I think that sentence needs to be broken down into smaller sentences.
and then just this:
"no human would understand me, yet somehow, i have to love one of my own kind to break this awful curse."
This doesn't make a lot of sense dear!
I shall see you soon so talk to me then!
Overall, this has AMAZING potential and i really can't wait to hear more!
Wow Rachel! This is a truly powerful piece that I think has a lot of potential. From the sound of it, I think you will really enjoy delving deeper into this.
Remember to capitalize your 'i's.
Try to avoid using the same word too many times. If you become to repetitive, it becomes hard to keep up with the flow of the story. At the end there, I think you meant 'my' not 'me'.
"dwindle" would be for a plural. Example: The many stars dwindled away under the cover of the thick fog. Instead try:
"...the pond behind my house slowly dwindles behind the heavy snowfall."
See the difference?
The 'then' is unnecessary, and you use 'and' twice. A revised version of this sentence might be: "I faced the ground head first, twisting my body and tucking my wings close to my back as I fell into a nose dive."
That large paragraph in the middle needs to be broken up into smaller ones. Next Wednesday I can help you out finding where if you need it.
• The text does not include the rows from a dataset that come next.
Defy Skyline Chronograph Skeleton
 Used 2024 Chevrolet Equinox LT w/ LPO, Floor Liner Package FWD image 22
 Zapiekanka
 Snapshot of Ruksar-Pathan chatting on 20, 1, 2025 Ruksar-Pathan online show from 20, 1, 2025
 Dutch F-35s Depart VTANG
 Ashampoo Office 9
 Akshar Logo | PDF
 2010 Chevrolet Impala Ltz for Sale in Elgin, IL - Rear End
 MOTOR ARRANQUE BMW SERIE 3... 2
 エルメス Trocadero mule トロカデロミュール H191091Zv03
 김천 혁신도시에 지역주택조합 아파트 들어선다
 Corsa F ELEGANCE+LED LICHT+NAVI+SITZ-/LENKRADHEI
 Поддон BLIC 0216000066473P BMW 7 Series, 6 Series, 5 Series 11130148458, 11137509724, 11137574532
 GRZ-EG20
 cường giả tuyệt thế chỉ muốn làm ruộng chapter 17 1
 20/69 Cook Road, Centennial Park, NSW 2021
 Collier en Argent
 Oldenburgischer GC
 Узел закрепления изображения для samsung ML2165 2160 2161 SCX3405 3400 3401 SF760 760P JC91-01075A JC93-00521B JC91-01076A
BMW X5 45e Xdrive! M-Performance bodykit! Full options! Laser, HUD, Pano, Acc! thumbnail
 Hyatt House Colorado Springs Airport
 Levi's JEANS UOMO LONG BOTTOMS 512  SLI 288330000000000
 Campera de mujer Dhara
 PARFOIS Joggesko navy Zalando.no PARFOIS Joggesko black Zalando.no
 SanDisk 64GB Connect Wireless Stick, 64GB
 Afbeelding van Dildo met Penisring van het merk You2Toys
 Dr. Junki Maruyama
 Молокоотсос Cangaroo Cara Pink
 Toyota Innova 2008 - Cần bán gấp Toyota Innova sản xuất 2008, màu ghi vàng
You contradict yourself a little here. Wasn't her father a winged immortal? If so, how could a wolf have killed him?
I don't really know why, but I love how you ended with this sentence. Somehow it just...works.
You've done an excellent job! I can't wait to find out more about your character. One thing that interests me is that we have yet to discover if the main character is a boy or a girl. Obviously, the voice of the character sounds very much like a girl, but it would be an odd twist if it turned out to be male. Anyway, I love it! Great job!
-Cheshire
First off, amazing work! I really enjoyed reading this. Here are the few things I noticed though:
Nitpicks:
One:
This sentence didn't make sense to me, Did you mean to say you have to love a human? The "yet, somehow" part doesnt fit if since you were talking about humans orginally and not your own kind.
Two:
This could be the start of a new paragrah. Either way, I think you should add some description about the land from your airbone veiw.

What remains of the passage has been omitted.